BEGIN

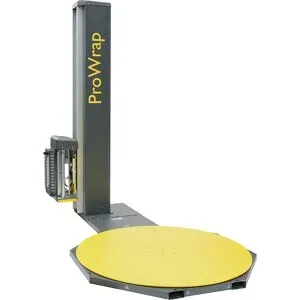 kaiserkraft Palettenwickler ProWrap, mit rundem Drehteller, Palettenhöhe 2200 mm, Drehteller Ø 1650 mm, mit 200% motorischer Vordehnung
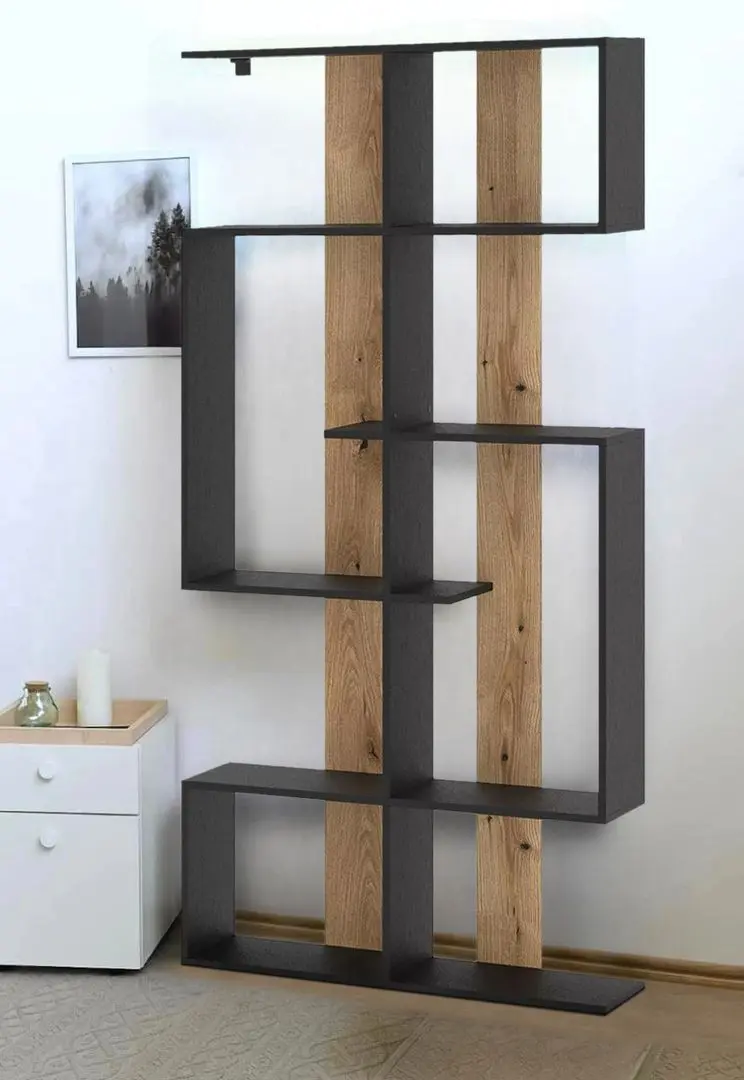 Etajera Fabrik Home №3 (Ash Black/Ewok Oak)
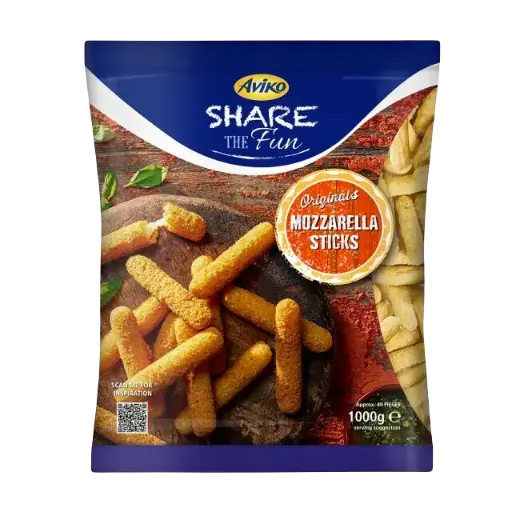 [106365] Aviko Mozzarella sticks, (1x1 kg)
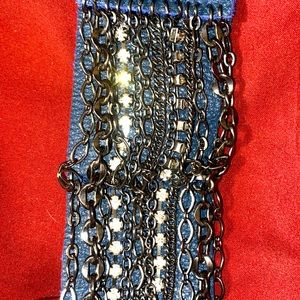 Leather Cuff Bracelets- Royal/Navy Blue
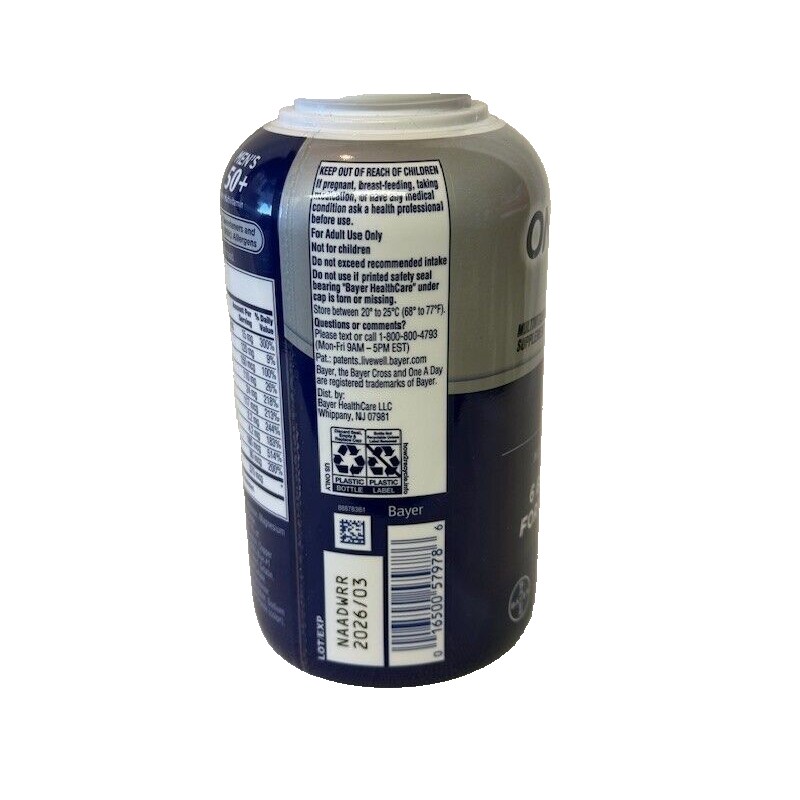 One A Day Mens 50+ Complete Multivitamin 300 Tablets New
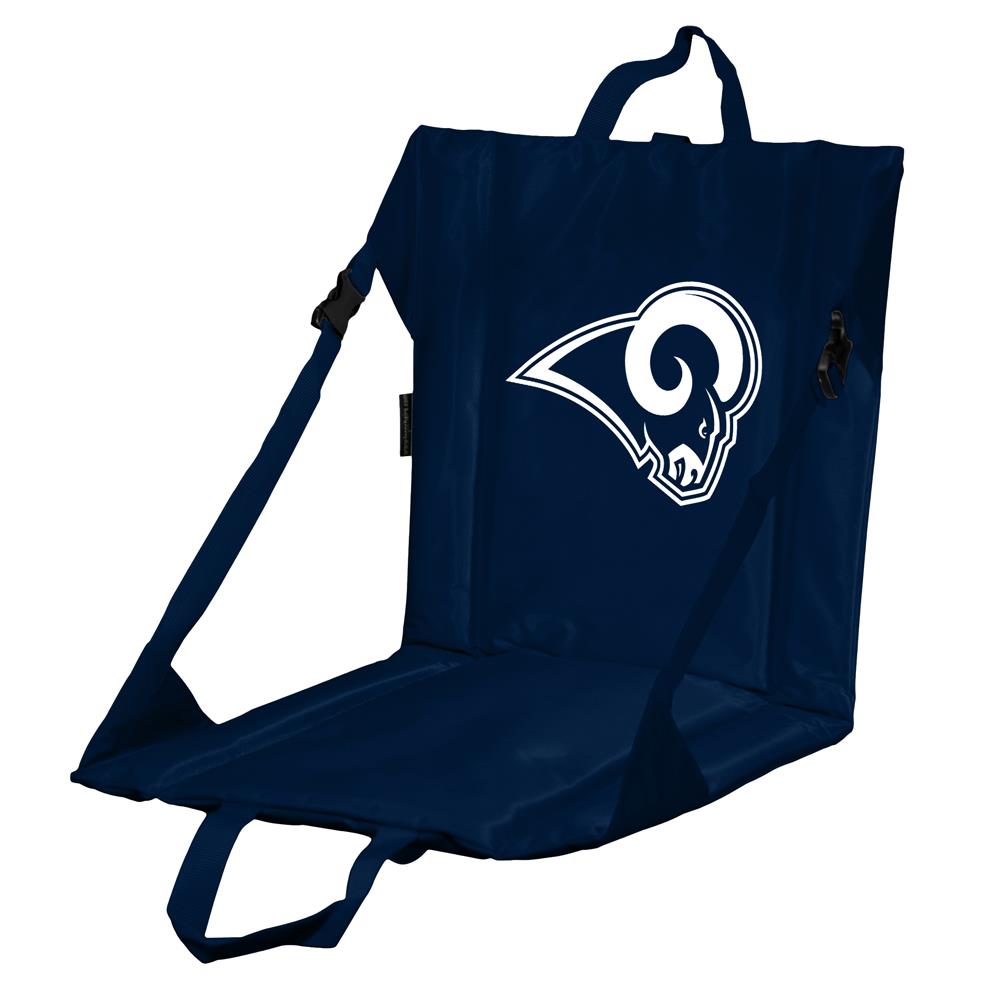Logo Brands Los Angeles Rams 14.5-in x 16-in Polyester Bleacher Seat | 629-80-1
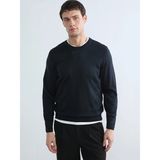 Lc Waikiki Yeni Sezon Bisiklet Yaka Yün Karışımlı Erkek Triko Kazak - Lacivert - 2XL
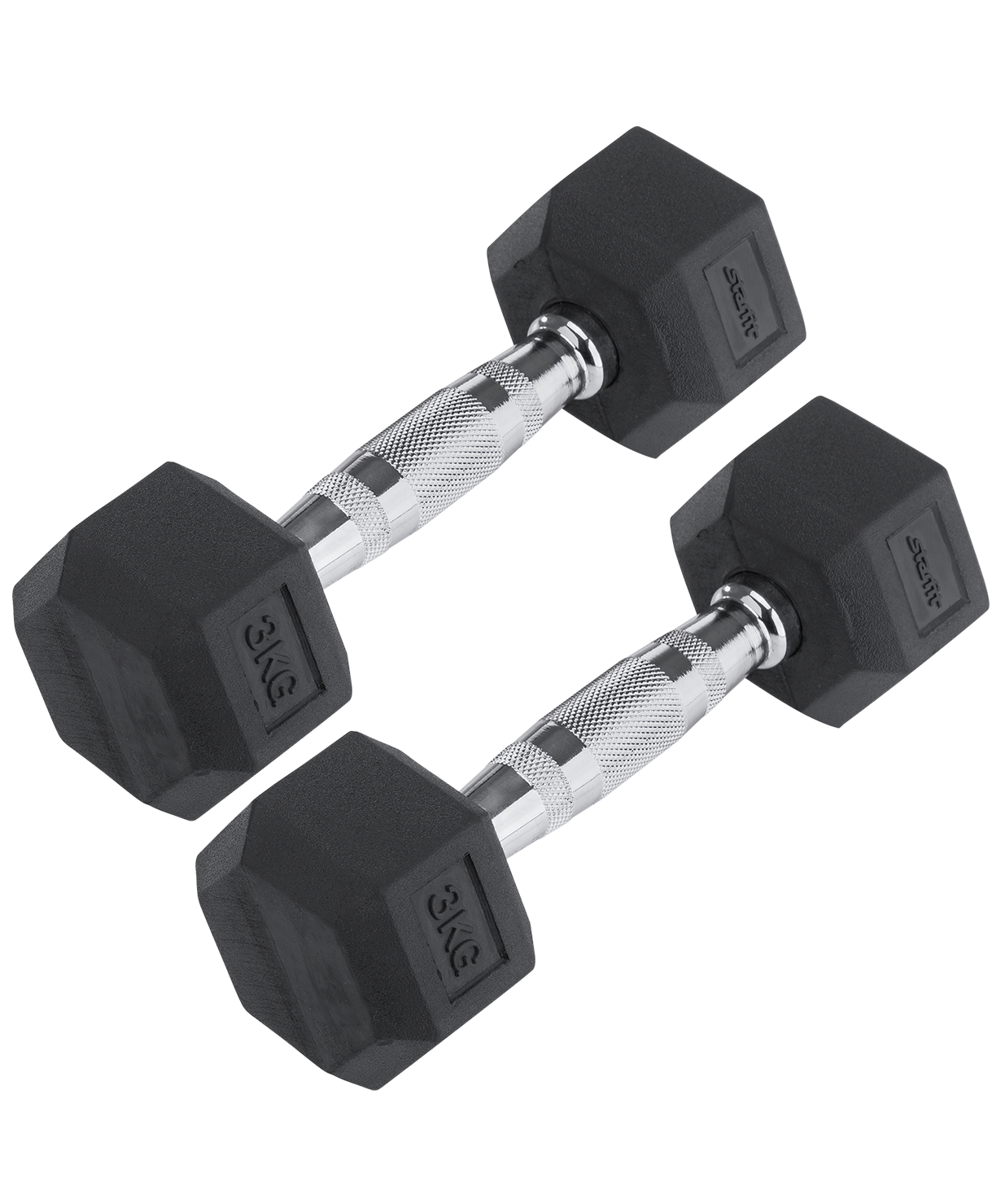 

Гантель гексагональная STARFIT DB-301 3 кг, обрезиненная, черный, пара, DB-301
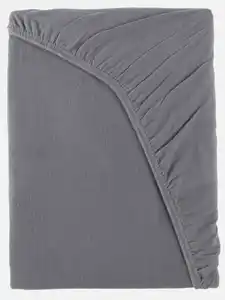 Biber Spannbetttuch 180x200cm Grau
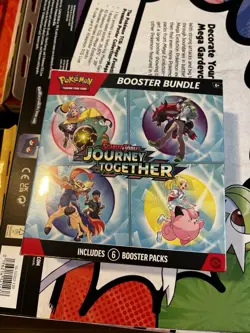 Pokemon TCG Journey Together Booster Bundle SEALED - 6 Booster Packs - Image 1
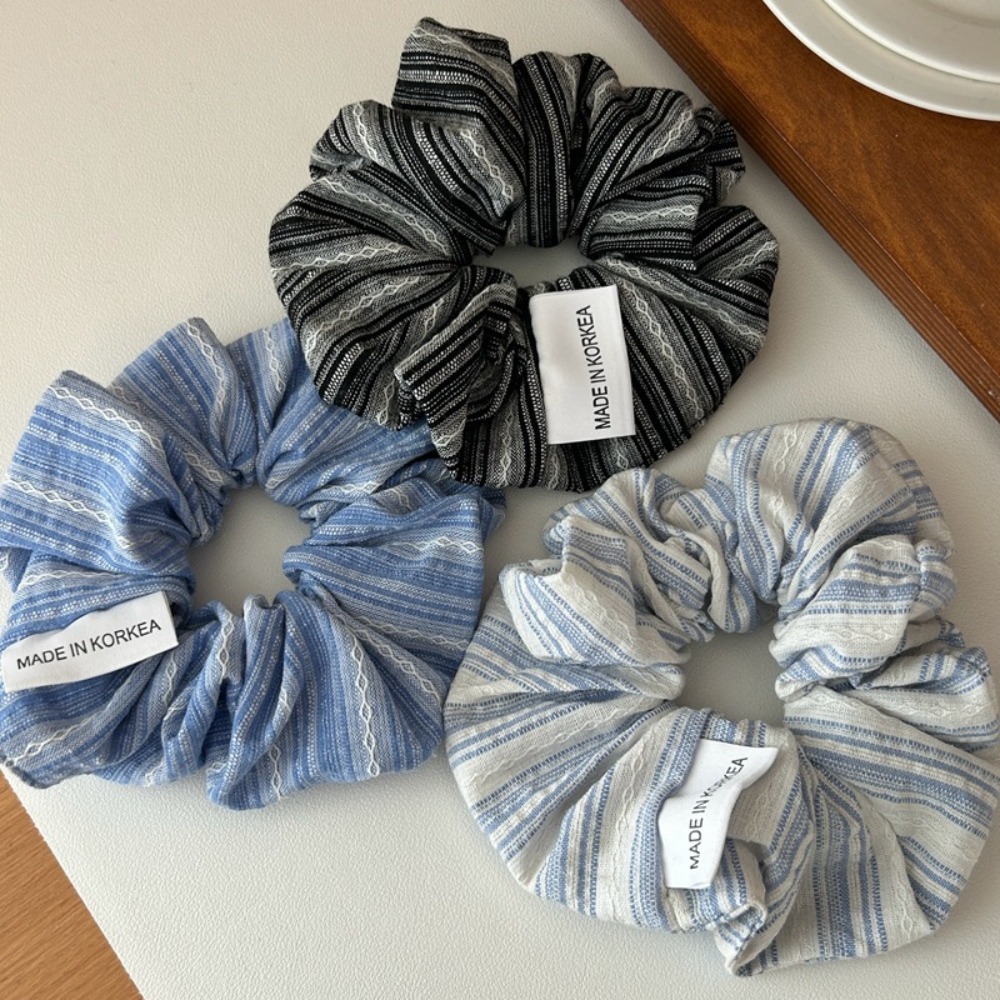 2025 Korea Fashion Stripe Hair - đánh giá và giá Silk Tie Striped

END

Take the line containing "Etajera Fabrik Home №3 (Ash Black/Ewok Oak)" and all lines after it to the end of the data above, and reproduce them exactly, leaving out pictures. Nothing else belongs in the copy.

RESULT OF THE TASK:
 Etajera Fabrik Home №3 (Ash Black/Ewok Oak)
 [106365] Aviko Mozzarella sticks, (1x1 kg)
 Leather Cuff Bracelets- Royal/Navy Blue
 One A Day Mens 50+ Complete Multivitamin 300 Tablets New
Logo Brands Los Angeles Rams 14.5-in x 16-in Polyester Bleacher Seat | 629-80-1
 Lc Waikiki Yeni Sezon Bisiklet Yaka Yün Karışımlı Erkek Triko Kazak - Lacivert - 2XL

Гантель гексагональная STARFIT DB-301 3 кг, обрезиненная, черный, пара, DB-301
 Biber Spannbetttuch 180x200cm Grau
 Pokemon TCG Journey Together Booster Bundle SEALED - 6 Booster Packs - Image 1
 2025 Korea Fashion Stripe Hair - đánh giá và giá Silk Tie Striped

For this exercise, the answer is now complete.